The following data are from Pothoff and Roy (1964) and consist of growth measurements for 11 girls and 16 boys at ages 8, 10, 12, and 14. Some of the observations are suspect (for example, the third observation for person 20); however, all of the data are used here for comparison purposes.
data pr; input child gender$ y1 y2 y3 y4; array yy y1-y4; do time=1 to 4; age = time*2 + 6; y = yy{time}; output; end; drop y1-y4; datalines; 1 F 21.0 20.0 21.5 23.0 2 F 21.0 21.5 24.0 25.5 3 F 20.5 24.0 24.5 26.0 4 F 23.5 24.5 25.0 26.5 5 F 21.5 23.0 22.5 23.5 6 F 20.0 21.0 21.0 22.5 7 F 21.5 22.5 23.0 25.0 8 F 23.0 23.0 23.5 24.0 9 F 20.0 21.0 22.0 21.5 10 F 16.5 19.0 19.0 19.5 11 F 24.5 25.0 28.0 28.0 12 M 26.0 25.0 29.0 31.0 13 M 21.5 22.5 23.0 26.5 14 M 23.0 22.5 24.0 27.5 15 M 25.5 27.5 26.5 27.0 16 M 20.0 23.5 22.5 26.0 17 M 24.5 25.5 27.0 28.5 18 M 22.0 22.0 24.5 26.5 19 M 24.0 21.5 24.5 25.5 20 M 23.0 20.5 31.0 26.0 21 M 27.5 28.0 31.0 31.5 22 M 23.0 23.0 23.5 25.0 23 M 21.5 23.5 24.0 28.0 24 M 17.0 24.5 26.0 29.5 25 M 22.5 25.5 25.5 26.0 26 M 23.0 24.5 26.0 30.0 27 M 22.0 21.5 23.5 25.0 ;
Jennrich and Schluchter (1986) analyze these data with various models for the fixed effects and the covariance structure.
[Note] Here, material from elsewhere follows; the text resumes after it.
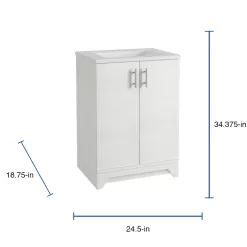 Style Selections Tierra 24-in White Single Sink Bathroom Vanity with White Cultured Marble Top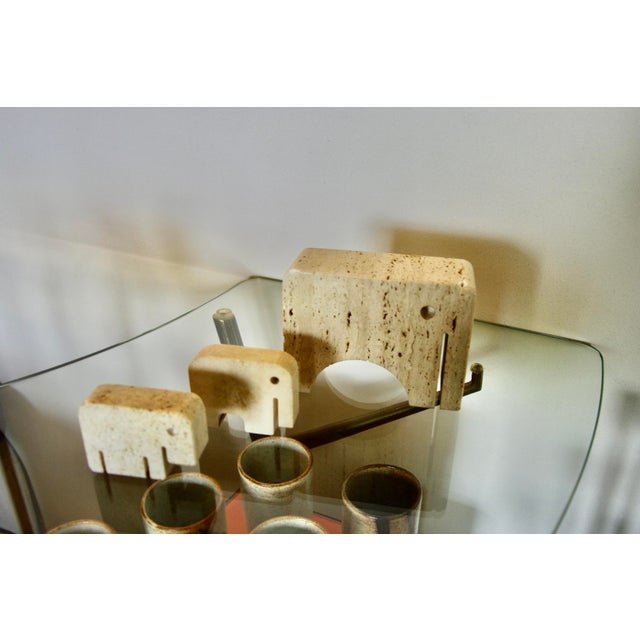 1970s Elephant Group in Travertine by Enzo Mari for Fratelli Mannelli, 1970, Set of 3 For Sale - Image 5 of 8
The strategy here is to fit a growth curve model for the boys and girls and to account for subject-to-subject variation through G-side random effects. In addition, serial correlation among the observations within each child is accounted for by a time series process. The data are assumed to be Gaussian, and their –2 restricted log likelihood is minimized to estimate the model parameters.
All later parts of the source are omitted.